Your answer must be an exact copy of the records below, minus any images.

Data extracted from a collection
= = = =

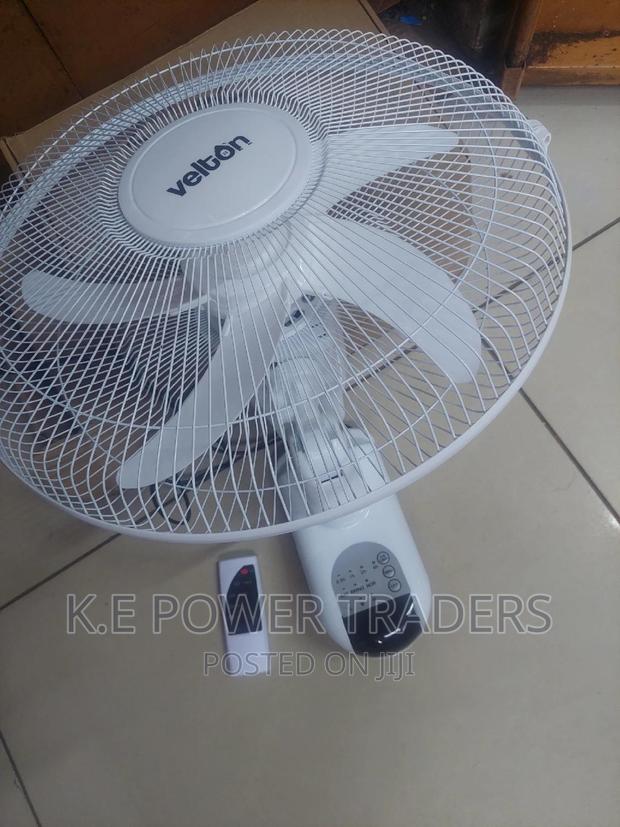 Remote Wall Fan - main view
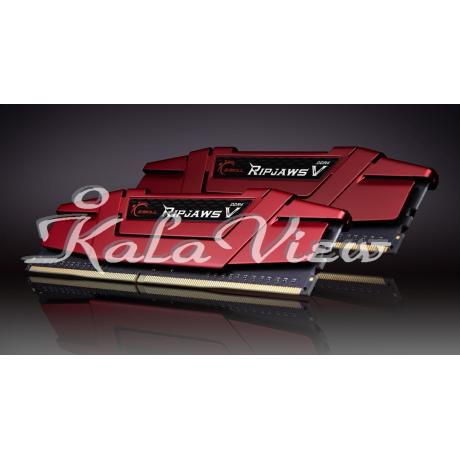 رم کامپیوتر Geil Ripjaws V DDR4( PC4 ) 3000 ( 24000 ) 16GB CL15 Dual Channel 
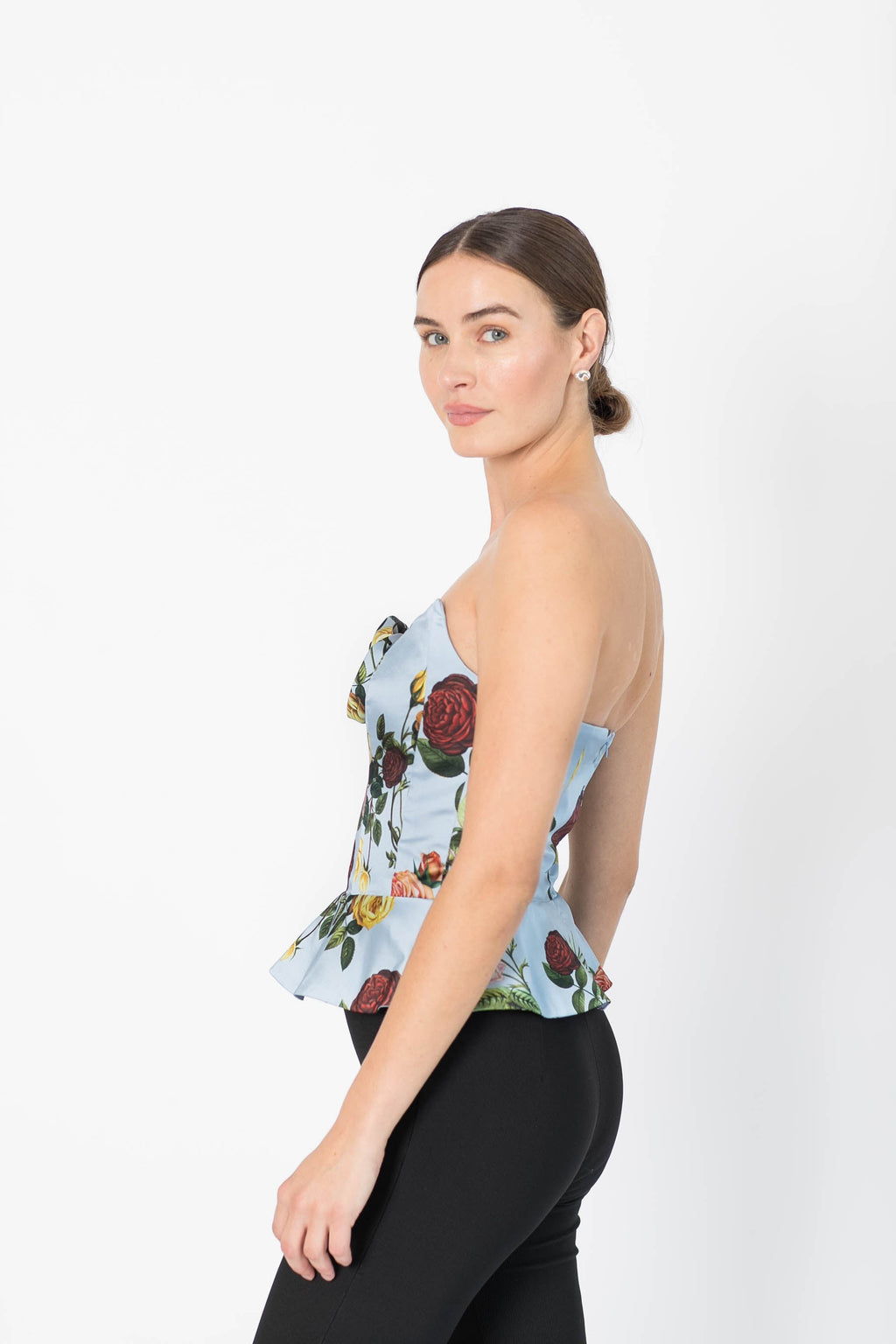 Delicias Corset Top in Blue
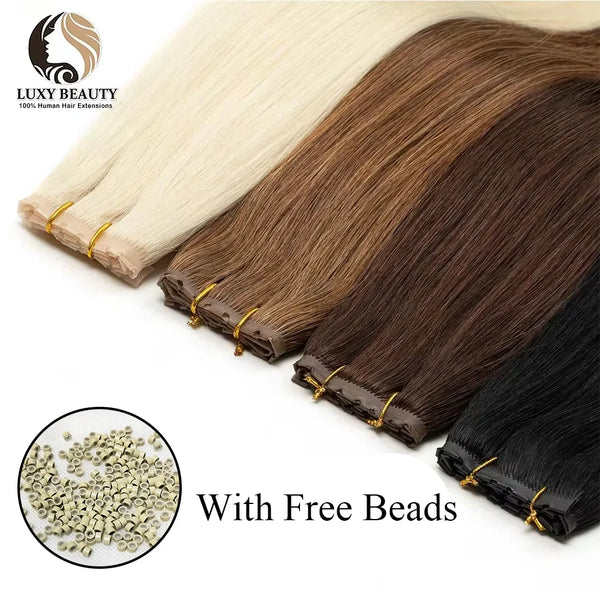 Luxy Beauty Injected Hole Weft Human Hair Extensions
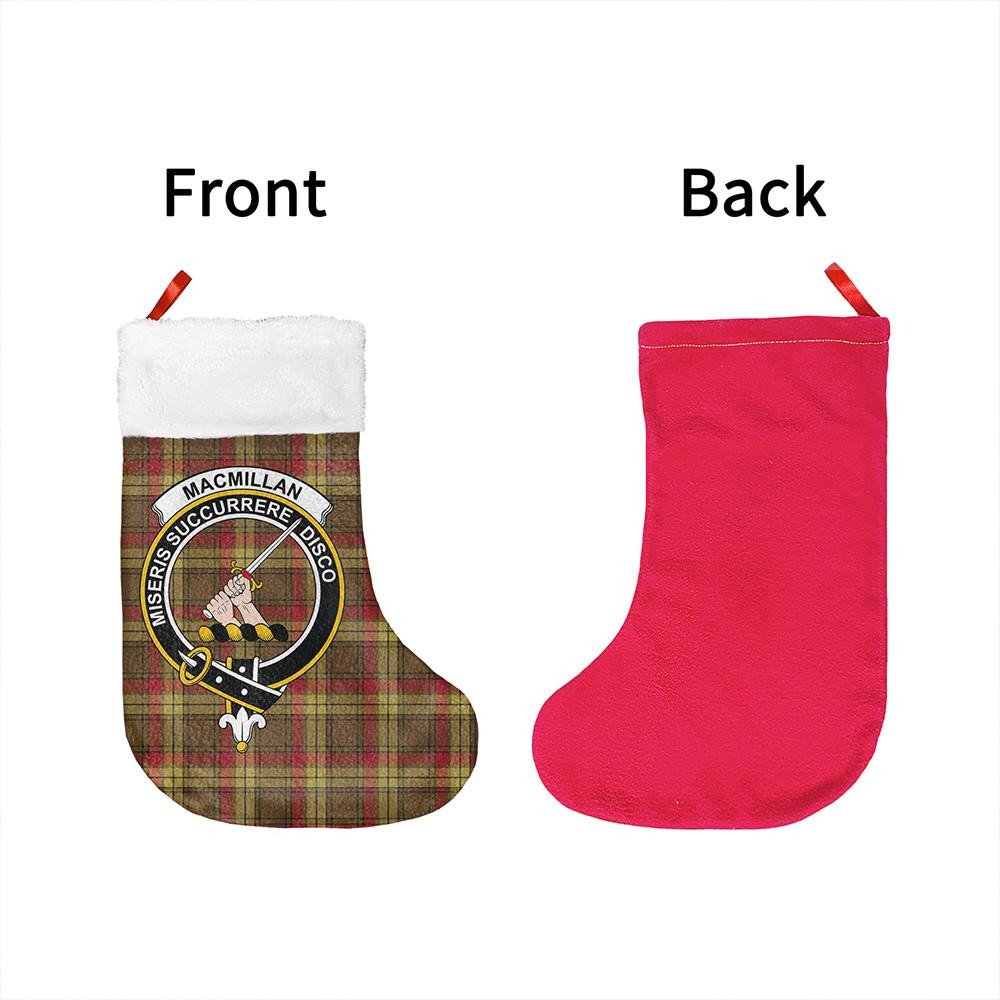 MacMillan Old Weathered Tartan Classic Crest Christmas Sock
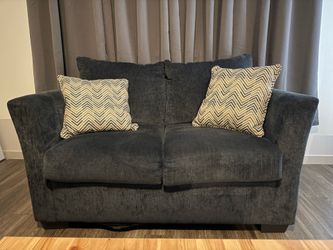 Slate Sofa and Love Seat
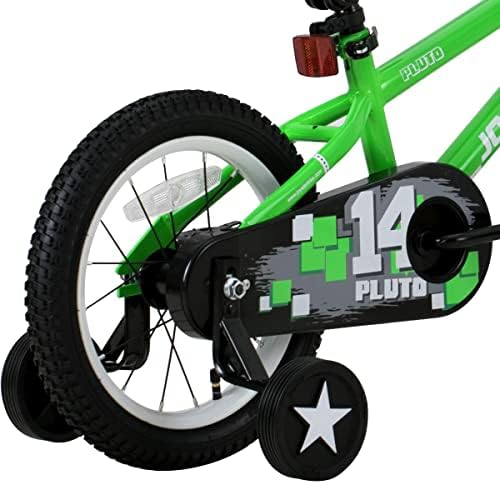 Joystar Pluto Kids Bike para meninos e meninas de 3 a 13 anos com rodas de treinamento para 12 14 16 18 18 polegadas de bicicleta,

= = = =

→ SOLUTION TO THIS EXERCISE
 Remote Wall Fan - main view
 رم کامپیوتر Geil Ripjaws V DDR4( PC4 ) 3000 ( 24000 ) 16GB CL15 Dual Channel 
 Delicias Corset Top in Blue
 Luxy Beauty Injected Hole Weft Human Hair Extensions
 MacMillan Old Weathered Tartan Classic Crest Christmas Sock
 Slate Sofa and Love Seat
 Joystar Pluto Kids Bike para meninos e meninas de 3 a 13 anos com rodas de treinamento para 12 14 16 18 18 polegadas de bicicleta,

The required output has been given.